1. .debug_str is empty in trunk but has 495 bytes in the reverted version.
2. The trunk version has 3 .debug_macro sections and the reverted version has none.
3. The trunk version has two COMDAT group sections (containing one .debug_macro section each), and the reverted version has none.

I don't know yet if differences 2 and 3 are relevant.

(In reply to Sam James from comment #4)
> Thanks (also, of course, no blame intended there, I surely would've made the
> same mistake if it even was one).
 
I didn't have the impression that there was any blame intended or implied, but thank you for your concern.

> I know newer Valgrind can warn on invalid FD use (like closing a closed FD
> etc). The error seems really odd and almost sounds like threading or
> something if it's not consistent, but there shouldn't be any in use here.

I left compress.exp running in a loop with the reverted version for more than 1000 iterations and the test didn't fail once. So I still think the bisection is correct.

Maybe the gas change surfaced a latent bug in ld?
Comment 7 Thiago Jung Bauermann 2024-12-24 04:17:32 UTC
(In reply to Sam James from comment #5)
> Huh: PR20006.

Thanks for the reference. Looking at that bug and the commits that caused and fixed the problem there, I don't think it's a similar situation.

In the case of PR20006, sec->compressed_size was being used to store estimated branch distances, which caused problems for debug sections, which actually have a need for that field during compression.

In this case, when bfd_compress_section () sets the invalid operation error, sec->compressed_size is 0 so it's not being used for anything untoward.
Comment 8 Thiago Jung Bauermann 2024-12-24 06:57:34 UTC
(In reply to Thiago Jung Bauermann from comment #6)
> Looking at the begin.o file that is used by the test, the difference between
> trunk and the reverted versions are:
> 
> 1. .debug_str is empty in trunk but has 495 bytes in the reverted version.
> 2. The trunk version has 3 .debug_macro sections and the reverted version
> has none.
> 3. The trunk version has two COMDAT group sections (containing one
> .debug_macro section each), and the reverted version has none.
> 
> I don't know yet if differences 2 and 3 are relevant.
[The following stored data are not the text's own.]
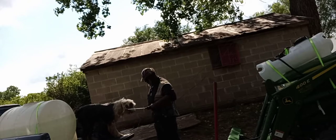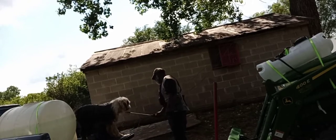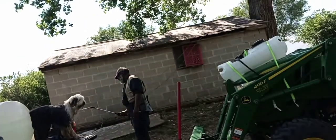We're gonna cut down on our overall water bill. We use a lot of water out here for the birds, dogs, the radish — keep the vehicles clean.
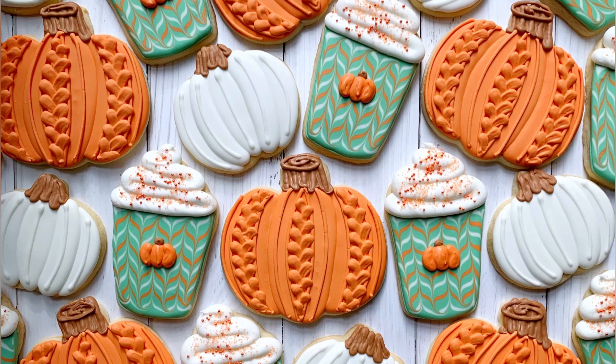Hi everyone, this is Grace and welcome back to my YouTube channel. Today we are going to learn how to decorate this adorable pumpkin spice latte set.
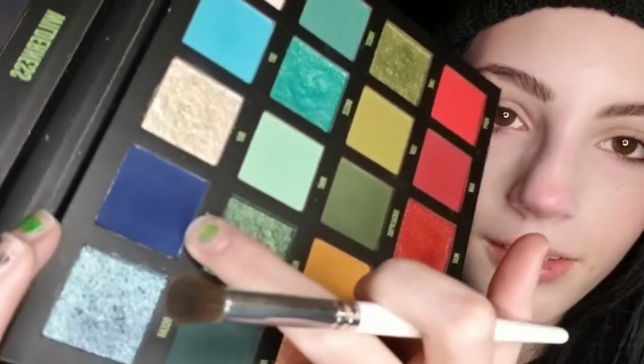Let me just get all up and personal with you guys. For the outer corner, I'm going to take the shade Twilight — a beautiful dark primary blue. I'm just going to pack that on the outer corner.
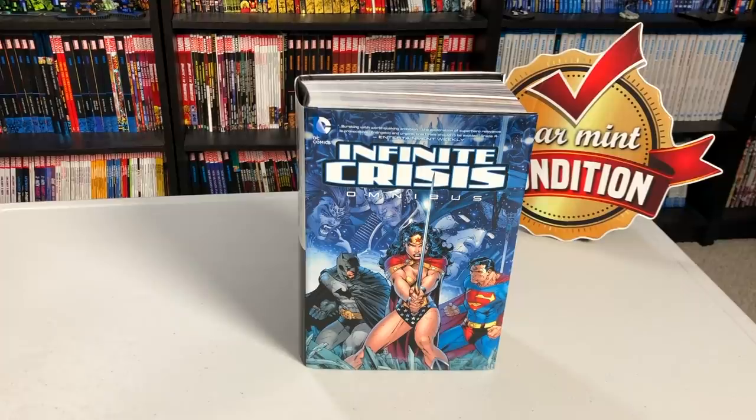What is up all you mentees? This is the Uncanny Omar here from Near Men Condition. Join me today as I do another retro view, and this time we're going to look at the Infinite Crisis Omnibus from DC Comics. Please stay tuned.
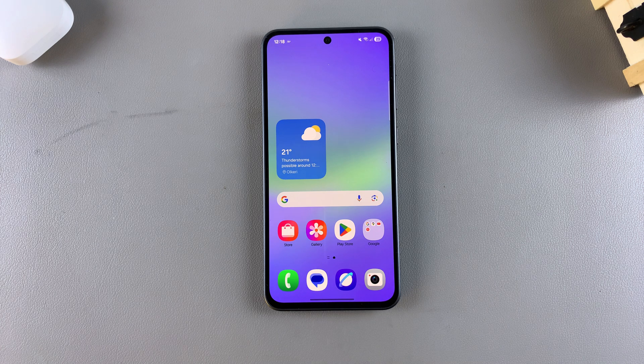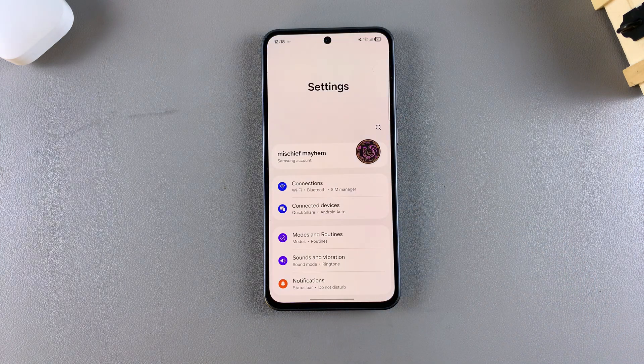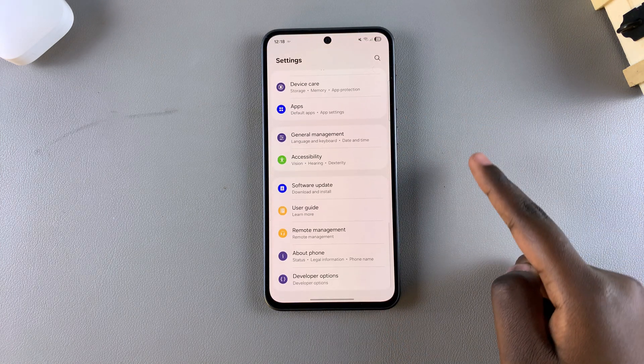In this video you'll learn how to enable or disable customized Samsung Health on your Samsung Galaxy A26, A36, and A56. The first step is to open the Settings app and then scroll and select General Management.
It turned out I was comparing the reverted version with a slightly different trunk revision than I should. After correcting that, differences 2 and 3 vanished. There's only difference 1.
 
> I left compress.exp running in a loop with the reverted version for more
> than 1000 iterations and the test didn't fail once. So I still think the
> bisection is correct.

It occurred to me that I should also run compress.exp in a loop with the trunk version to check that the failures are stable so I did that, and they are. compress.exp failed with all 1600 iterations of the loop.